The Council for Licensed Conveyancers (CLC) has proposed new rules on how licensed practices handle client money.
The specialist property law regulator said the changes form part of a drive to “reduce regulatory burdens and facilitate innovation” while “keeping client money safe and improving consumer confidence”.
The move follows talks in which CLC-licensed practices identified opportunities for improvement.
Under the proposed changes, the regulator would launch a new Accounts Code – currently used by licensed conveyancers in the handling of client money.
The changes would see the reduction of the time limit on practices for delivering an Accountant’s Report from six to three months. This, the CLC says, would appropriately reflect the importance in identifying potential risks.
Other changes include amending the format of the Accountants Report to allow “greater freedom for reporting accountants to use their professional judgement”. This may mean, for example, amending the provisions so that practices have the freedom to move aged balances of up to £50 into their office account when the client cannot be located.
The current limit of £20 means client accounts must be kept open for a number of years, increasing the administrative burden on practices.
The regulator is also consulting on allowing the use of Third Party Managed Accounts (TPMAs).
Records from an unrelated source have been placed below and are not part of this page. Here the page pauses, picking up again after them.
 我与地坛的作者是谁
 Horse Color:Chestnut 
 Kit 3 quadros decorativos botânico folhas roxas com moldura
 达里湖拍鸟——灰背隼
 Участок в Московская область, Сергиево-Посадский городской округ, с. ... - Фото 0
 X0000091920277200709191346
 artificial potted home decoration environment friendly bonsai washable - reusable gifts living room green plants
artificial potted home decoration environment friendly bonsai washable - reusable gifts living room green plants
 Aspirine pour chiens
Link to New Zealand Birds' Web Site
This would be as an alternative to regulated practices holding client money.
Simon Blandy, Director of Regulatory Standards at the CLC, said TPMAs may offer benefits to legal firms, as a specialist third party firm is more likely to be better equipped to process and handle cash.
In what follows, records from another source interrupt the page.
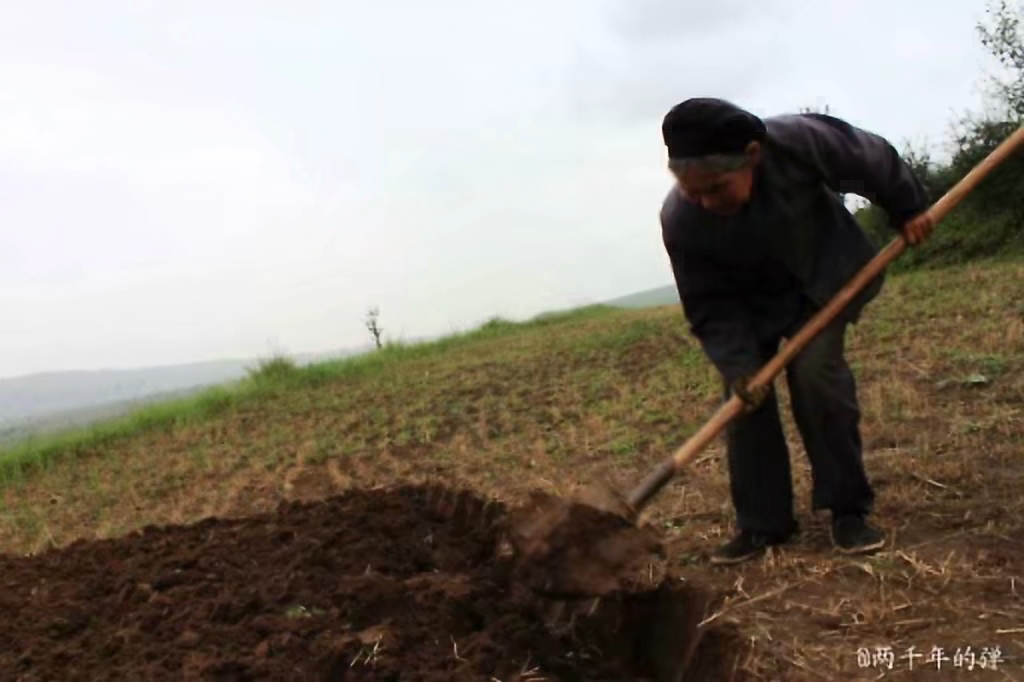 甘肃赏田园风光感受乡村魅力,甘肃渭源风景图片大全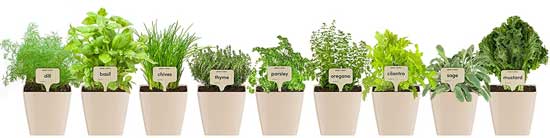 9-Plant Herb Garden Kit for Growing an Indoor Herb Garden in Your Kitchen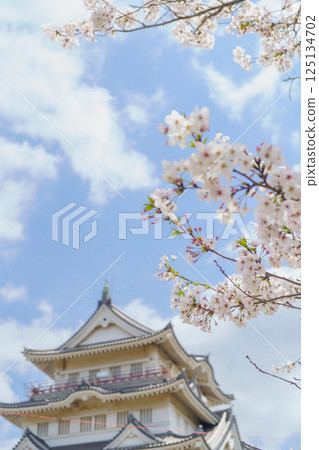 [千葉縣千葉市] 春天的櫻花與豬之花公園、豬之花城跡、千葉市地方史料館 125134702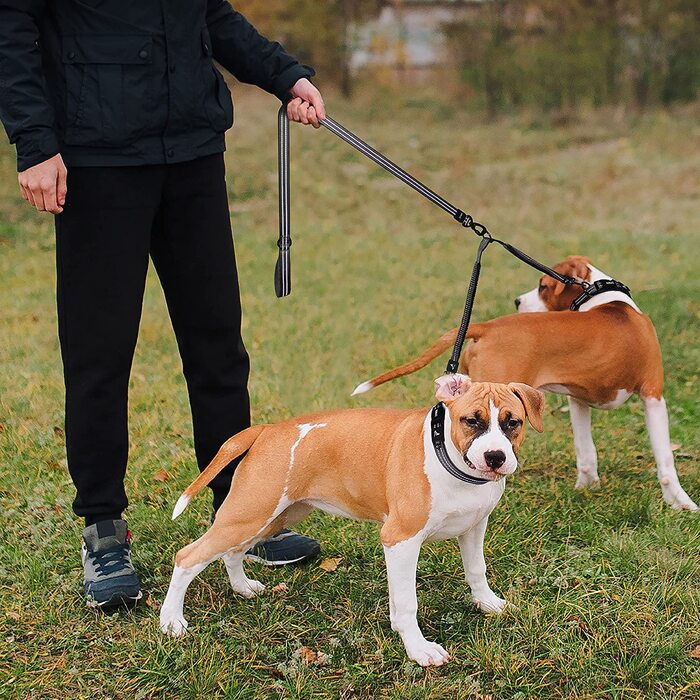 Повідець для собак KRUZ PET KZVX2-03L, без зав'язування, для 2 собак, великий, 2,5 х 48,3 см 1 х 19 '(Помаранчевий, середній 3/4 'х 17')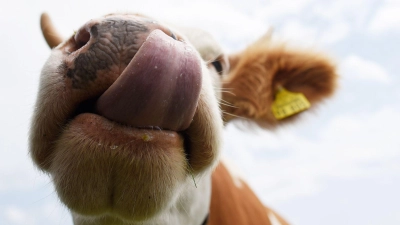 Kühe sollen auf einem Parkplatz Autos von Wanderern demoliert und abgeleckt haben. (Symbolbild) (Foto: Angelika Warmuth/dpa/dpa-tmn)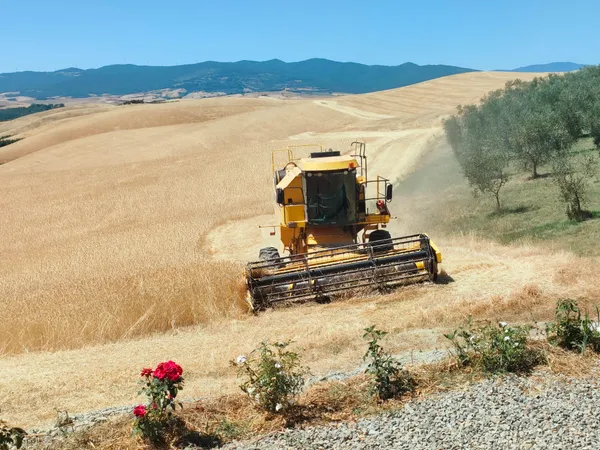 Birrificio Agricolo Poggio Rosso — Branding e Sito Web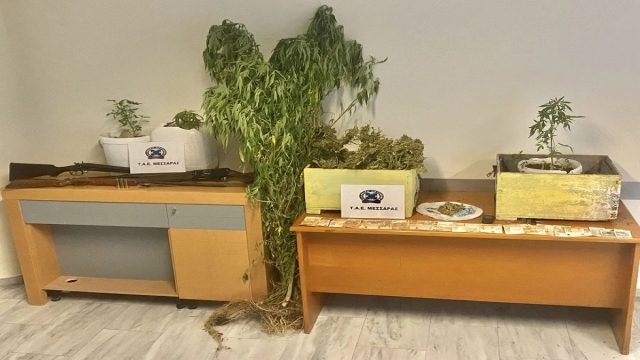 Κρητική… πατέντα: Πατέρας και γιος έκρυβαν κάνναβη μέσα σε κυψέλες με μελίσσια στο Ηράκλειο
“The CLC is committed to doing all it can to ensure that the right levels of consumer protection are in place while allowing those we regulate the freedom to innovate, compete and grow,” said Mr Blandy.
“Misuse of client money is one of the key risks to consumer protection. Effective mitigation of this risk continues to be a priority for the CLC. The changes we intend to make will provide greater clarity for CLC
Lawyers and Practices, making sure there is a clear focus on the real risks to client money.”
The CLC said any approved changes are likely to go into force from January 2020.